Re: Use standard SIGHUP and SIGTERM handlers in autoprewarm module

From: Fujii Masao <masao(dot)fujii(at)oss(dot)nttdata(dot)com>
To: Bharath Rupireddy <bharath(dot)rupireddyforpostgres(at)gmail(dot)com>, Craig Ringer <craig(dot)ringer(at)enterprisedb(dot)com>
Cc: PostgreSQL-development <pgsql-hackers(at)postgresql(dot)org>, Robert Haas <robert(dot)haas(at)enterprisedb(dot)com>
Subject: Re: Use standard SIGHUP and SIGTERM handlers in autoprewarm module
Date: 2020-11-18 12:22:50
Message-ID: 1ae40b1b-2f42-4510-1514-40bb7d7255ab@oss.nttdata.com
Views: Raw Message | Whole Thread | Download mbox | Resend email
Thread:
Lists: pgsql-hackers

On 2020/11/17 21:18, Bharath Rupireddy wrote:
> Thanks Craig!
>
> On Fri, Oct 23, 2020 at 9:37 AM Craig Ringer
> <craig(dot)ringer(at)enterprisedb(dot)com> wrote:
>>
>> src/test/modules/test_shm_mq/worker.c appears to do the right thing the wrong way - it has its own custom handler instead of using die() or SignalHandlerForShutdownRequest().
>>
>
> handle_sigterm() and die() are similar except that die() has extra
> handling(below) for exiting immediately when waiting for input/command
> from the client.
> /*
> * If we're in single user mode, we want to quit immediately - we can't
> * rely on latches as they wouldn't work when stdin/stdout is a file.
> * Rather ugly, but it's unlikely to be worthwhile to invest much more
> * effort just for the benefit of single user mode.
> */
> if (DoingCommandRead && whereToSendOutput != DestRemote)
> ProcessInterrupts();
>
> Having this extra handling is correct for normal backends as they can
> connect directly to clients for reading input commands, the above if
> condition may become true and ProcessInterrupts() may be called to
> handle the SIGTERM immediately.
>
> Note that DoingCommandRead can never be true in bg workers as it's
> being set to true only in normal backend PostgresMain(). If we use
> die()(instead of custom SIGTERM handlers such as handle_sigterm()) in
> a bg worker/non-backend process, there are no chances that the above
> part of the code gets hit and the interrupts are processed
> immediately. And also here are the bg worker process that use die()
> instead of their own custom handlers: parallel workers, autoprewarm
> worker, autovacuum worker, logical replication launcher and apply
> worker, wal sender process
>
> I think we can also use die() instead of handle_sigterm() in
> test_shm_mq/worker.c.
>
> I attached a patch for this change.

Thanks for the patch! It looks good to me.

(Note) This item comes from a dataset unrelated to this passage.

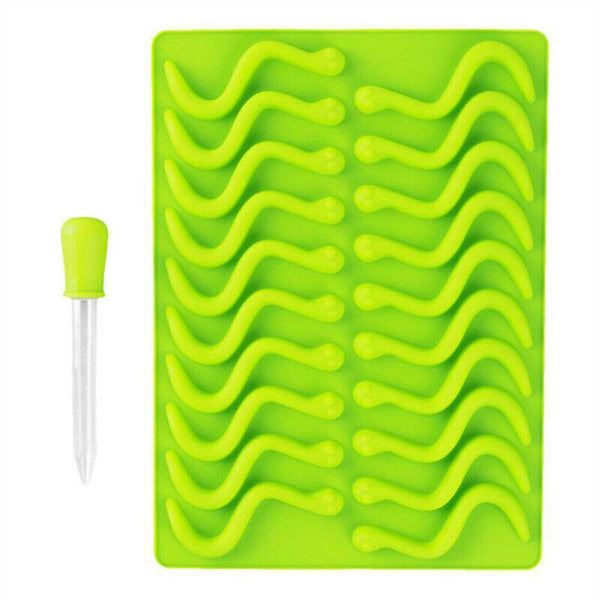 Cavity Silicone Gummy Snake Worms Bear Mold Candy Jelly Mould With Dropper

BTW, I tried to find the past discussion about why die() was not used,
but I could not yet.

>
>>
>> In contrast src/test/modules/worker_spi/worker_spi.c looks plain wrong. Especially since it's quoted as an example of how to do things right. It won't respond to SIGTERM at all while it's executing a query from its queue, no matter how long that query takes or whether it blocks. It can inhibit even postmaster shutdown as a result.
>>
>
> Postmaster sends SIGTERM to all children(backends and bgworkers) for
> both smart shutdown(wait for children to end their work, then shut
> down.) and fast shutdown(rollback active transactions and shutdown
> when they are gone.) For immediate shutdown SIGQUIT is sent to
> children.(see pmdie()).
>
> For each bg worker(so is for worker_spi.c),
> SignalHandlerForCrashExit() is set as SIGQUIT handler in
> InitPostmasterChild(), which does nothing but exits immediately. We
> can not use quickdie() here because as a bg worker we don't have
> to/can not send anything to client. We are good with
> SignalHandlerForCrashExit() as with all other bg workers.
>
> Yes, if having worker_spi_sigterm/SignalHandlerForShutdownRequest,
> sometimes(as explained above) the worker_spi worker may not respond to
> SIGTERM. I think we should be having die() as SIGTERM handler here (as
> with normal backend and parallel workers).
>
> Attaching another patch that has replaced custom SIGTERM handler
> worker_spi_sigterm() with die() and custom SIGHUP handler
> worker_spi_sighup() with standard SignalHandlerForConfigReload().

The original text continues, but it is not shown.